I am using BayesFactor to run an ANOVA:

model<- anovaBF(dif ~ cond * exp, data=df)

The output appears in the console, but if I want to save it as an object, then the object class for this object is a "Formal class BFBayesFactor". What I need is to extract only the BF10 for a given line, so that I could save this as a row in a new dataframe (this is because I want to run the model on 1000 simulated data sets and see how many of them show an effect of a given size...).

I can get one of the slots of the Formal class object by using @ (e.g. model@bayesFactor). However, the values in the bayesFactor slot do not correspond to the values printed in the console.

How do I get access to the values that are printed in the console?

Thanks in advance,

Naomi

Comments

  • MSBMSB
    edited December 2019

    You can use as.vector():

    library(BayesFactor)
    
    data(puzzles)
    
    result <- anovaBF(RT ~ shape*color + ID, data = puzzles,
             whichRandom = "ID", progress = FALSE)
    
    result
    #> Bayes factor analysis
    #> --------------
    #> [1] shape + ID                       : 2.840104 ±0.84%
    #> [2] color + ID                       : 2.841925 ±1.48%
    #> [3] shape + color + ID               : 11.43469 ±1.23%
    #> [4] shape + color + shape:color + ID : 4.873394 ±10.38%
    #> 
    #> Against denominator:
    #>  RT ~ ID 
    #> ---
    #> Bayes factor type: BFlinearModel, JZS
    
    as.vector(result)
    #>            shape + ID            color + ID 
    #>             2.840104             2.841925 
    #>        shape + color + ID shape + color + shape:color + ID 
    #>            11.434689             4.873394
    


  • This works, thank you for such a swift and helpful response!
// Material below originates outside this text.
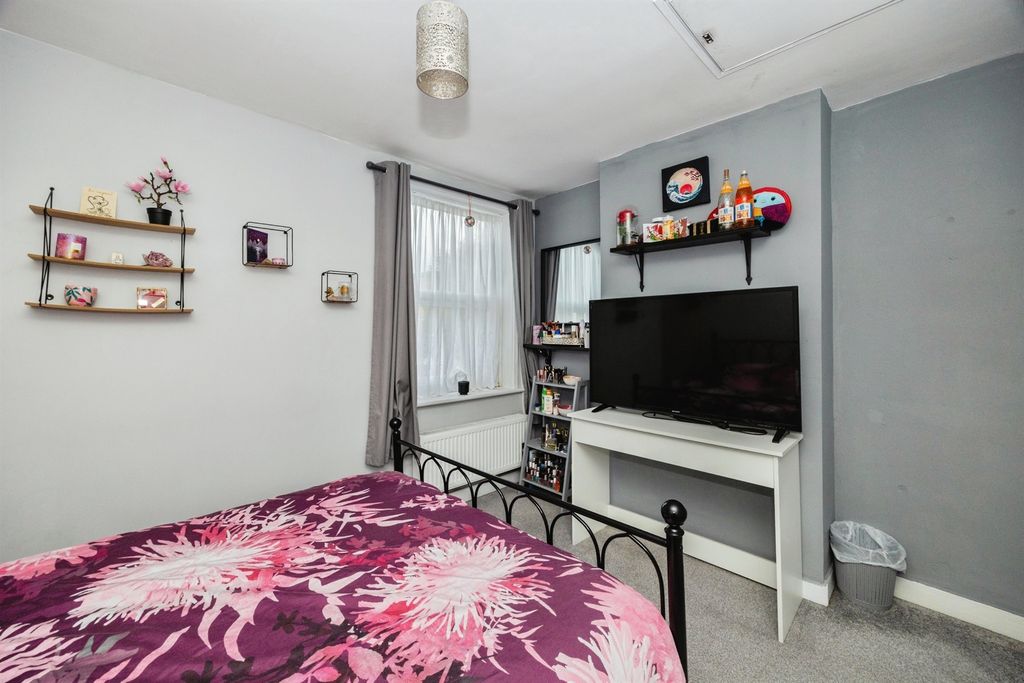 Property photo 2 of 13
    ___________________________

    Now maybe you could also answer a more conceptual question?

    My own dataset gives inconclusive results for my effect of interest (BF10 = ~2).
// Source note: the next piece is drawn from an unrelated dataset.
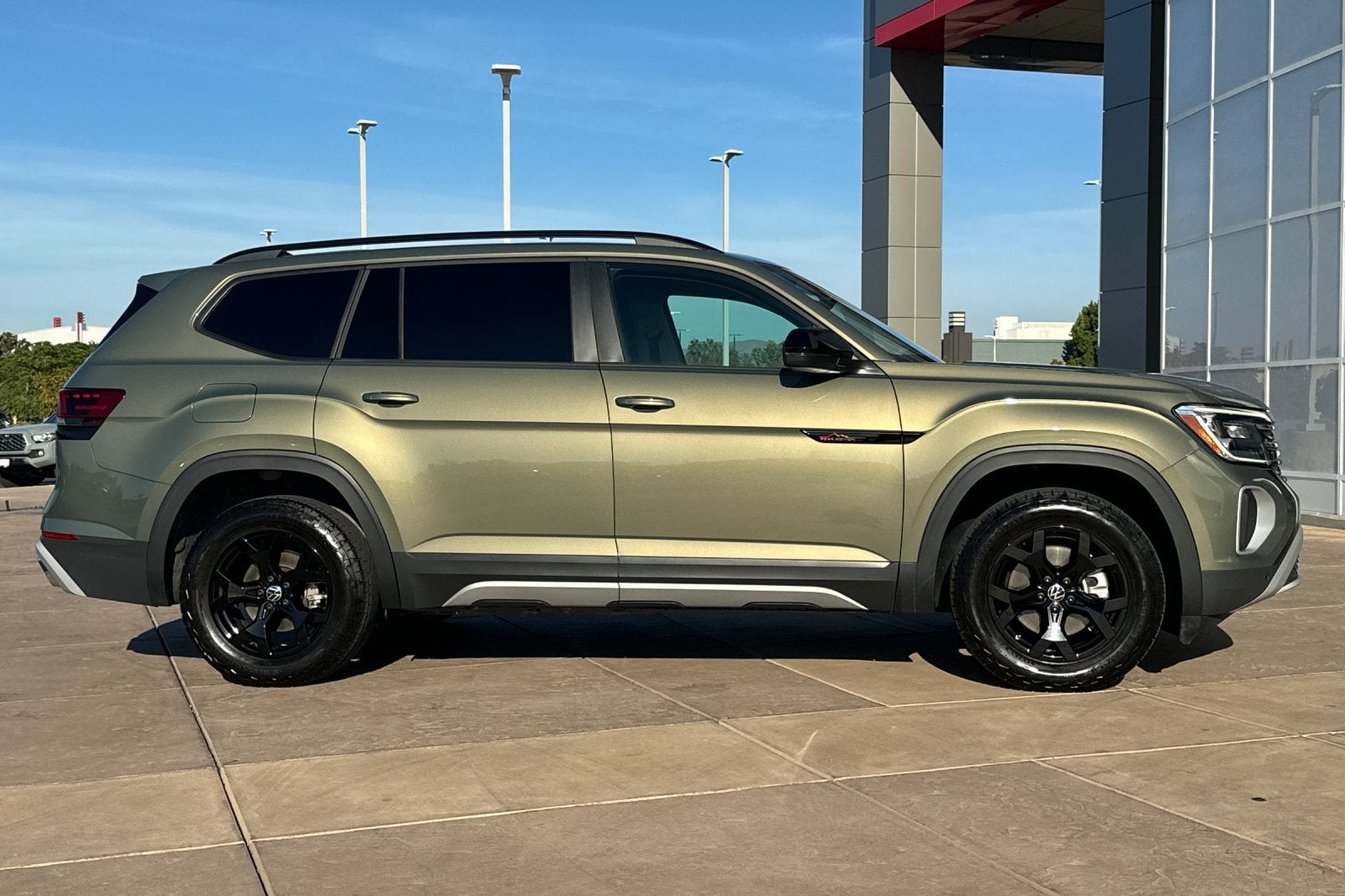 2024 Volkswagen Atlas 2.0T Peak Edition SEL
    A reviewer asked how many participants I would have to add to cross my desired strength of evidence (BF10>3), and suggested I run simulations. I thought it makes sense to create a larger sample by creating a fake dataset with the same betas as my actual regression (which I obtained from a non-bayesian analysis):

    # Set coefficients
    alpha = -1.3091
    beta1 = .0556
    beta2 = -1.8874
    beta3 = 6.0730
    
    # Generate 100 trials
    A = c(rep(c(0), 50), rep(c(1), 50)) # '0' 100 times, '1' 100 times
    B = rep(c(rep(c(0), 25), rep(c(1), 25)), 2) # '0'x50, '1'x50, '0'x50, '1'x50
    e = rnorm(100, 0, sd=1) # Random noise, with standard deviation of 1
    
    # Generate data using the regression equation
    y = alpha + beta1*A + beta2*B + beta3*A*B + e
    
    # Join the variables in a data frame
    data = data.frame(cbind(A, B, y))
    
    # Fit a regression
    model = generalTestBF(y ~ A*B, data=data)
    
    

    Now, if I increase the number of rows in my fake data set (let's say from 100 to 300), the strength of evidence should logically increase, am I right? Or maybe it doesn't have to? Because when I do that I get more or less the same result (~700 of my fake datasets give a result around BF10~3, and the rest give a BF~2). Maybe it's my NHT logic at work and it doesn't work this way for a Bayesian analysis?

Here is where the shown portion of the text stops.